# What do you know about methergine?



## Britishmum (Dec 25, 2001)

I saw my ob today, and she did an u/s which showed that my miscarriage is almost complete. She's worried about it taking too much longer and the chances of infection, so prescribed me methergine for me to take this weekend, along with a course of antibiotics that she said I could either elect to take anyway, or keep on hand in case I started feeling the symptoms of an infection.

She has been very supportive of my letting this miscarriage progress naturally. I'm relieved that it hasn't taken too long (ten days since we discovered no heartbeat). The timing if I take the methergine is good, being a weekend when dh will be here to look after the children.
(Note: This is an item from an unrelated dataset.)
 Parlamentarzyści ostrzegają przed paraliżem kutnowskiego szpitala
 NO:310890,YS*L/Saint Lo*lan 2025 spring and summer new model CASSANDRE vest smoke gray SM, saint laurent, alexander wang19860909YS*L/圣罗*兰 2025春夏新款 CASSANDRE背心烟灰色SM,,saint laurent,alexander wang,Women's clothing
I'm feeling OK with taking it, but just wanted to see if there is anything I should know that might give me a different perspective. She warned me that I may feel icky, which I can handle if I have help with the children, but does anyone know anything else about this drug?

Thanks.


----------



## davidsmama (Oct 4, 2002)

I was given methergine after one of my m/c because I kept bleeding (about 3 weeks and I ended up with a d&c for an incomplete m/c). It is a vessel constrictor and the only side effect that I remember is feeling a little bit dizzy and a bit of a headache.

I am so sorry for your loss


----------



## Britishmum (Dec 25, 2001)

Thanks Davidsmama. It looks like I might not have to take it after all. I had really bad cramping all night. I phoned the ob this morning and she said to wait it out. She'll do another ultrasound on Tuesday.

I'm hopeful now that nature might just handle this alone, which is what I really wanted. Keeping my fingers crossed.

What a roller coaster this is though.


----------



## Ms. Mom (Nov 18, 2001)

, I'm so sorry you're going through this. I wish there were some easy answers to what will happen next.

I've never heard of Methergine, but found this information on the internet. http://www.healthsquare.com/newrx/met1256.htm

I do hope you don't have to go that rout. Know that we're here no matter what happens thinking of you.


----------



## karenpl (Dec 18, 2001)

{{{ Britishmum }}}

Could you just give it some more time before taking the methergine? It sounds like your body is doing the things it should be doing, she could just monitor you, either with u/s or with blood tests.

So sorry for your loss!

Karen


----------



## Britishmum (Dec 25, 2001)

Thanks. Wow, Ms Mom, the info at that website made me very glad I haven't taken it. Although of course the lists of possible side effects are always scarey. And of course, an anesthetic is dangerous in itself, and hopefully I've avoided that.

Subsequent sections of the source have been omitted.